Following on the recent hype around the robot that is able to solve a Rubik’s cube in a second (which seems a big improvement over the previous robot that was able to solve it in about 3 seconds), I got interested in human records, and their evolution over the year.

The World Cube Association provides dataset about ranking, records, players in Rubik’s Cube competitions. They offer a downloadable dataset for data science purpose. But since it would be too easy to use a TSV ;), I’ll show how we can extract data from this website, and use Pandas get some insight.

Players

We’ll first try to explore data about results of Worldwide competitions that we can find on this page.

Let’s use requests to fetch HTML from the URL. If you go directly on the page, you’ll see that you can select the number of results you’re interested in, countries, years, etc. All theses parameters can be specified in the URL too. In this post, I’ll use all the data (all players, all years, all countries):

import requests
r = requests.get("https://www.worldcubeassociation.org/results/events.php?eventId=333&regionId=&years=&show=All%2BPersons&single=Single")

Beautifulsoup will let you manipulate HTML without dealing too much with low-level details.

from bs4 import BeautifulSoup
soup = BeautifulSoup(r.text, 'html.parser')

You can ask him to find and extract one particular part of the HTML, in our case it would be table-responsive which represents the array of results:

table = soup.find("div", {"class": "table-responsive"})
raw_lines = [
    line.contents[:5]
    for line in table.find_all("tr")
    if len(line) == 6
]
raw_lines[0]

1 | Lucas Etter | 4.90 | USA | River Hill Fall 2015 — | — | — | — |

We get a list of HMTL Entities that we will process to extract the data we need.

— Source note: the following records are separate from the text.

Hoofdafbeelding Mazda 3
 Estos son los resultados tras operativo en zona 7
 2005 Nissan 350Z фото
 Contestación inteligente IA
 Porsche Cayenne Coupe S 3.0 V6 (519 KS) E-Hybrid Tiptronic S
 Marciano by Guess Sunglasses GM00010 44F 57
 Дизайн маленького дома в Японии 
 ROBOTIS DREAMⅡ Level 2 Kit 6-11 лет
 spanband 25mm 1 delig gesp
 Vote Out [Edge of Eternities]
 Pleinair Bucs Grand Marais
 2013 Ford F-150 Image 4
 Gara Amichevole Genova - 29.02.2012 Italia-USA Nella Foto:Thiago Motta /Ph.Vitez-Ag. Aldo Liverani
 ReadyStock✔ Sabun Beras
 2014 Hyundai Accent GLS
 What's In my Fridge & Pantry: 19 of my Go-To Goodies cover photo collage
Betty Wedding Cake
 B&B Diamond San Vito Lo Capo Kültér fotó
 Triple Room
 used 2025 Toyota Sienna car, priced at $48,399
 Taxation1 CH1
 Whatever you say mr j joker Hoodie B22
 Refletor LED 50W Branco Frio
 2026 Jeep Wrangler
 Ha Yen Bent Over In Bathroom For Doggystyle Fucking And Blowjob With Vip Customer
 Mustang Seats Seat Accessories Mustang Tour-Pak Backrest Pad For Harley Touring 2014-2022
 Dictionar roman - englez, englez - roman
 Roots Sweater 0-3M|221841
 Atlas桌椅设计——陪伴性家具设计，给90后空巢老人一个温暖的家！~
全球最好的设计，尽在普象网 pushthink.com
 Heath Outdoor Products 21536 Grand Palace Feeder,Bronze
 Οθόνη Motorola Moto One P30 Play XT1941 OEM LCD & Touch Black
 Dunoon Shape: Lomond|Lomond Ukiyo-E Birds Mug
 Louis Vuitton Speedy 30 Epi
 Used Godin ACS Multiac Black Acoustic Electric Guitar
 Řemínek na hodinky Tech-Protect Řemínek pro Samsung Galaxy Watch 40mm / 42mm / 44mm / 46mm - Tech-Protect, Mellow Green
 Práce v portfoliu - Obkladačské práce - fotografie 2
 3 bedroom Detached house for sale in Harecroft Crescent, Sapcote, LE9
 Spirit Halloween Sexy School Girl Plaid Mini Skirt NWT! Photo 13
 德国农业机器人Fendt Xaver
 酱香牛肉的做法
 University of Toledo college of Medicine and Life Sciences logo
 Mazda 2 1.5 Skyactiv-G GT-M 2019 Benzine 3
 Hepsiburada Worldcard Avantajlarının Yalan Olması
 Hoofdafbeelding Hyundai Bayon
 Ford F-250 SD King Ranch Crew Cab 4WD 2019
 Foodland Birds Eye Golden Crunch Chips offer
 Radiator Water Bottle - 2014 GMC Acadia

But first, let’s automate this extraction process with a function, since every tables on this website respect the same format:

from bs4 import BeautifulSoup
import requests

def get_table_raws(url, cols):
    r = requests.get(url)
    soup = BeautifulSoup(r.text, 'html.parser')
    table = soup.find("div", {
        "class": "table-responsive"
    })

    raw_lines = [
        line.contents
        for line in table.find_all("tr")
        if len(line) == cols
    ]

    return [[c.text for c in line] for line in raw_lines]

Since we’ll have to deal with dates and timings, we could use this little helpers to do the conversions:

def extract_year_from_competition(competition):
    # Format is [name] [year]
    return int(competition.strip().rsplit(' ', 1)[-1])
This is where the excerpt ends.